Friday, November 21, 2008

Angels and devils.



Apparently Haringey Children's Services find it incredibly difficult to attract social workers to its team. I wonder why. I'm guessing that this means that in order to tackle the monstrous workload which they have the caliber of staff which they do attract is not the highest. And those who are there are overworked. Government guidelines say that no social worker should have a caseload of more than twelve chidren to deal with, whereas the overstretched staff whom Haringey have managed to keep are coping with caseloads of between eighteen and twenty. After the recent storm of criticism it will be even more difficult for them to attract staff.

Perhaps when the enquiry looks at what went wrong, they might address the profile of social workers in this country. Damned if they do take children away and damned if they don't, they perform an intensely stressful and emotional function, and the only time anyone pays them any attention is when something goes horribly, tragically, appallingly wrong. Or when a woman goes to the press with a story about how mean, vindictive, heartless social workers have ripped her innocent child from her without any justification at all. And yet there must be stories where the intervention of a social worker has made infinite difference to the lives of children and families all over the country. Have you ever heard one? No, nor have I. A girl I teach wants to be a social worker. I had to suppress my look of astonishment and dread when she said this. A more distressing and thankless job it is difficult for me to imagine. I can only guess at the stress levels which must be endemic in the profession. From the recent coverage you'd think that the social worker had joined in the beatings.

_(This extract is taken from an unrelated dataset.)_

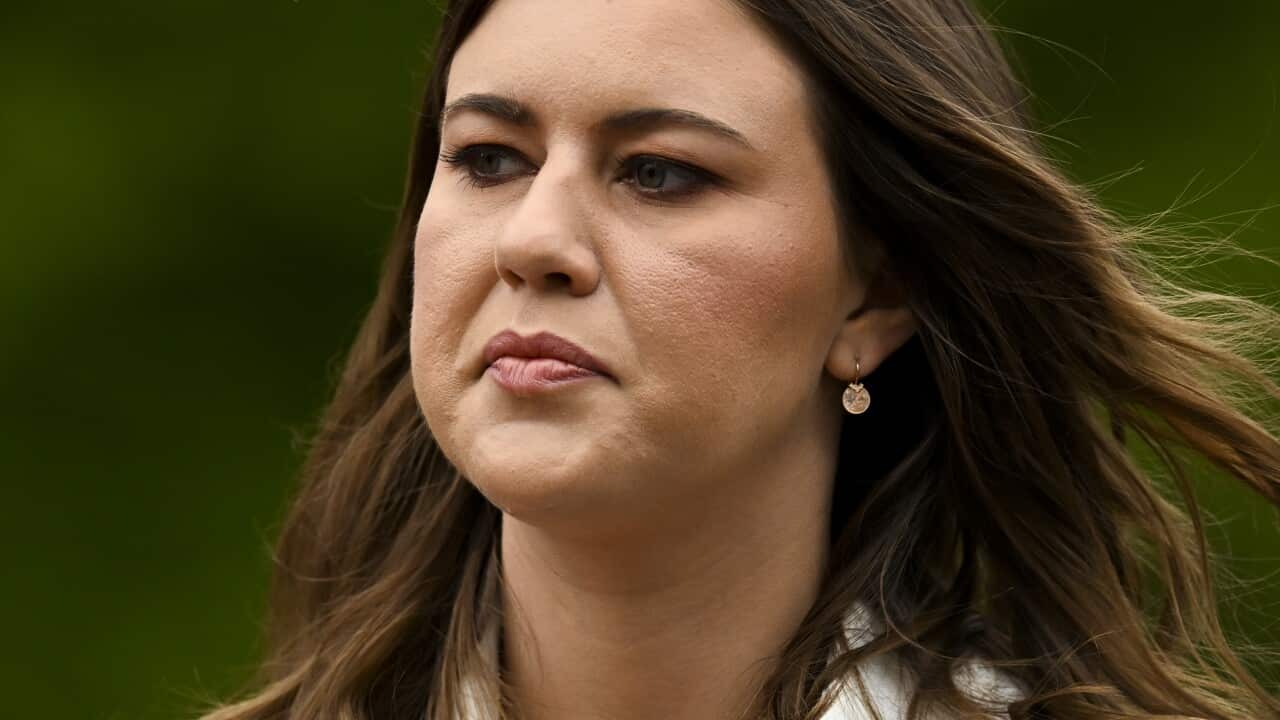 Brittany Higgins walking outside.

Someone who knows what he's on about said something interesting to me yesterday when I talked about a case of two children , a fifteen and a sixteen year old, who had beaten a man to death. I made some disgusted comment about them and my friend pointed out that they had probably had a brutal life, one not a million miles from that of Baby P, only they survived. You don't come out of a loving, supportive happy home and get your thrills kicking the shit out of people.

And yet we look at pictures of angelic, tortured and murdered children on one side, and police mugshots of dead-faced, hate-filled teenage thugs on the other and never consider that there might be a relation between the two. Both are damaged; both probably have known much misery. The older ones are hardened. And maybe they are hardened because they are the children of brutalised or neglected children, who themselves were dragged up by inadequate parents of their own.

It's a tough one, but at some point society has to look beyond today's awful, awful headline and see what needs to change.

Without pointing fingers at scapegoats. I object to it because it doesn't help.